自分を覗きこんでいるのは、チルチルだった。スピカと同じ、だが彼よりやや薄めの青い目が、すぐ手の届く距離ある。
「あれ……? チルちゃん……?」
「カーレン姉さん、起きたんですか? 気分は、どうです?」
右側からニコの声がして、顔もひょっこりと出てきた。カーレンは上体を起こす。簡素だが品の良い寝台に寝かされていた。暖かな素材で作られた羽織が、服の上に着せられている。
「ニコ君まで……ここ、どこ? 私――」
頭を抱え、何があったかカーレンは記憶の糸を手繰ろうとした時、部屋の扉が開いた。糸は無残にもぶつりと切れた。
「カーレン、やあっと起きたのか。よかったあ」
与一の声だった。どてらを着ている。ここはやはり寒いのだろう。カーレンの視界に見慣れた銀髪と緑の目が入り、彼の後ろにいる人々も映る。信乃と双助と、そしてシュリだ。

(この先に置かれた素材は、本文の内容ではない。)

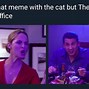 Image result for Hanging around the Office Meme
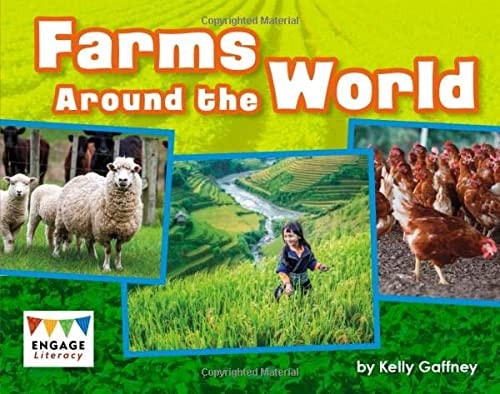 Farms Around the World (Engage Literacy: Engage Literacy Purple - Extension A) by Kelly Gaffney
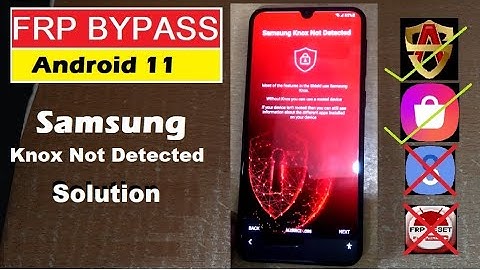 Samsung Frp Bypass Android 11 | Samsung Knox Not Detected Alliance Shield X Solution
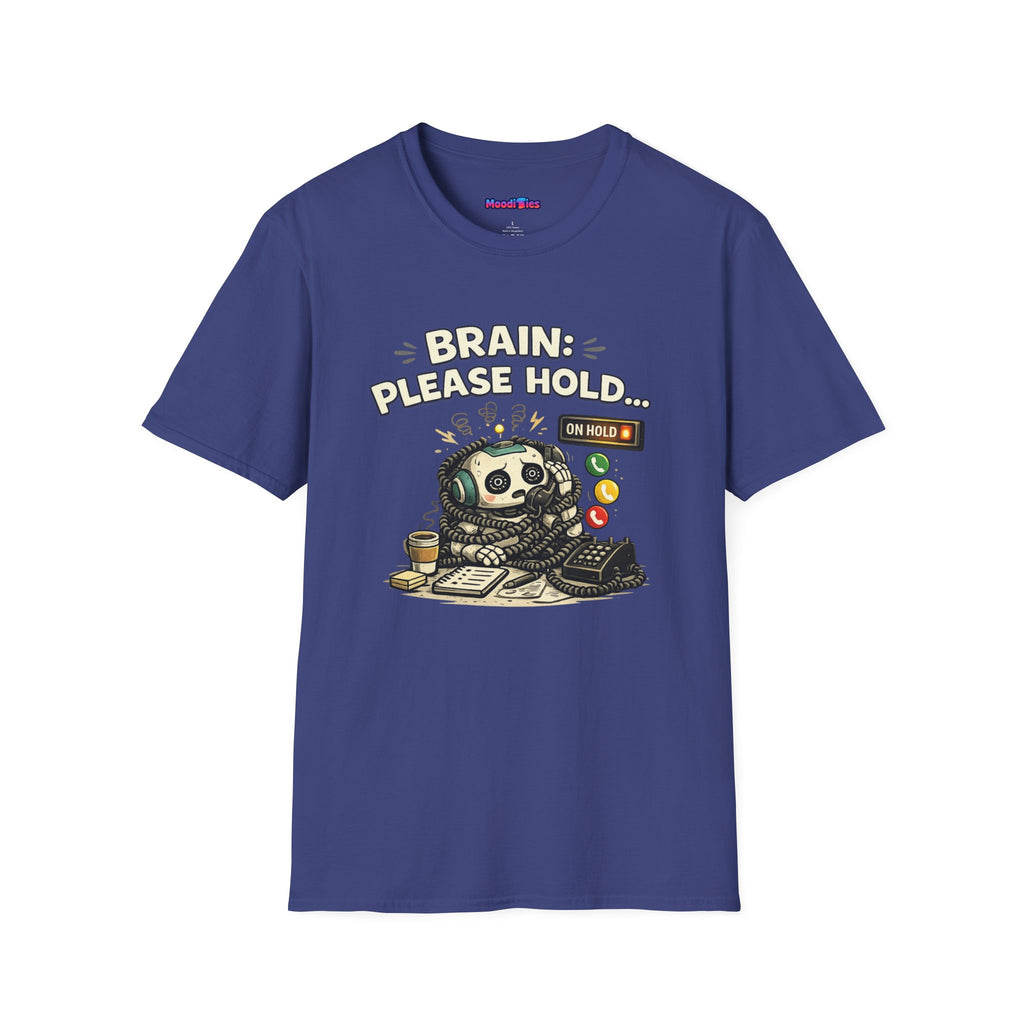 "Brain: Please Hold" Robot T-Shirt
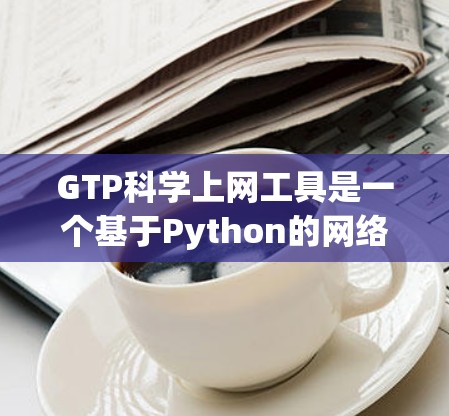 GTP科学上网工具是一个基于Python的网络操作工具，旨在处理HTTP请求和响应。它提供了以下主要功能和使用指南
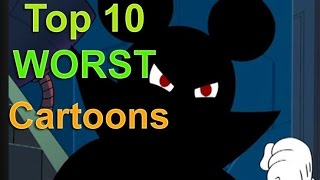 Top 10 Worst Cartoons [upl. by Afrika]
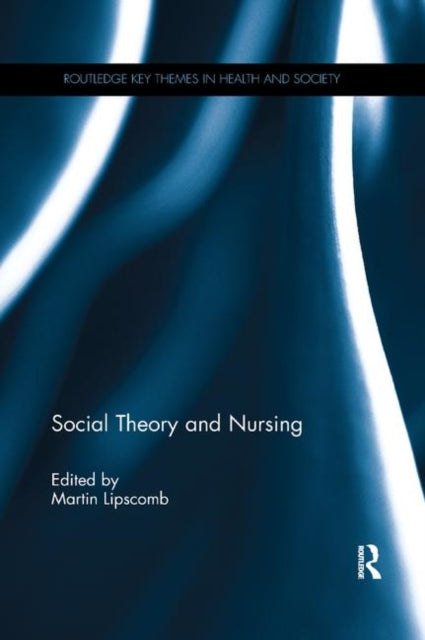Social Theory and Nursing Routledge Key Themes in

「一昨日の朝方、お屋敷の前でお姉さま、倒れていたのよ」
カーレンが呆然とした様子で口を開けたまま何も言えないでいると、チルチルが率先して沈黙を埋めた。死んでしまったのかと思ったわ、と涙ぐみそうにチルチルは答える。
「ここは華北――つい先日お世話になった、尭様のお屋敷です」
華北? とカーレンはニコを見返す。彼はやや目を丸くした。
「そ、そうです。あの時――プリンセスパレスに十二人が集まったのに、光が急に、爆発でもするみたいになったでしょう?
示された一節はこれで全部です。